This is a PyTorch implementation of the paper Masked Visual Pre-training for Motor Control. It contains the benchmark suite, pre-trained models, and the training code to reproduce the results from the paper.
We provide pre-trained visual encoders used in the paper. The models are in the same format as mae and timm:
backbone | objective | data | md5 | download |
---|---|---|---|---|
ViT-S | MAE | in-the-wild | fe6e30 | model |
ViT-S | MAE | ImageNet | 29a004 | model |
ViT-S | Supervised | ImageNet | f8f23b | model |
You can use our pre-trained encoders directly in your code (e.g., to extract image features) or use them with our benchmark suite and RL training code. We provde instructions for both use-cases next.

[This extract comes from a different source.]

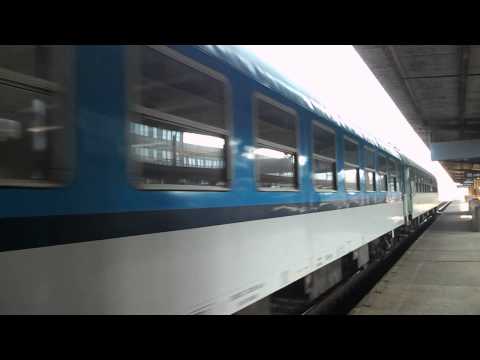 Odjezd vlaku Os 7054 (ČD 363.064) - Most, 2. 3. 2013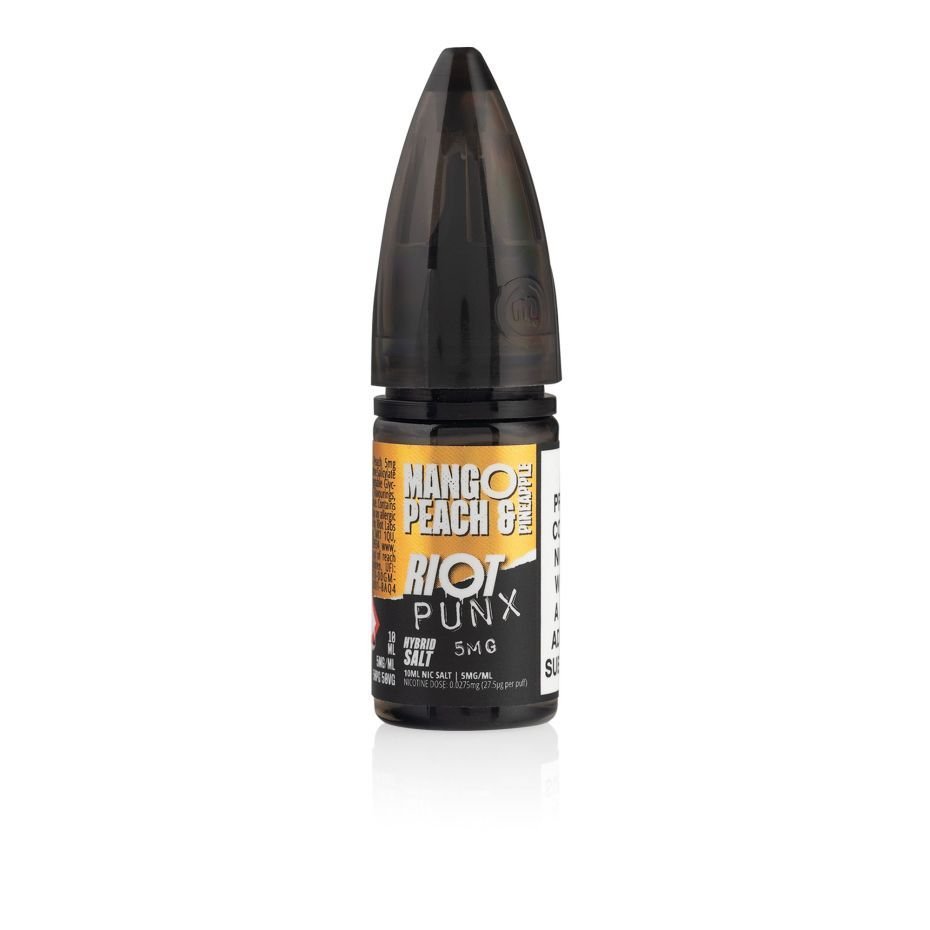 Riot E-Liquid Mango, Pineapple & Peach 10ml Nic Salt E-Liquid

Install the python package:
pip install git+https://github.com/ir413/mvp
Import pre-trained encoders:
import mvp
model = mvp.load("vits-mae-hoi")
model.freeze()
Please see INSTALL.md
for installation instructions.
Train FrankaPick
from states:
python tools/train.py task=FrankaPick
Train FrankaPick
from pixels:
python tools/train.py task=FrankaPickPixels
Train on 8 GPUs:
python tools/train_dist.py num_gpus=8
Test a policy after N iterations:
python tools/train.py test=True headless=False logdir=/path/to/job resume=N
If you find the code or pre-trained models useful in your research, please use the following BibTeX entry:
@article{Xiao2022
title = {Masked Visual Pre-training for Motor Control},
author = {Tete Xiao and Ilija Radosavovic and Trevor Darrell and Jitendra Malik},
journal = {arXiv:2203.06173},
year = {2022}
}
We thank NVIDIA IsaacGym and PhysX teams for making the simulator and preview code examples available.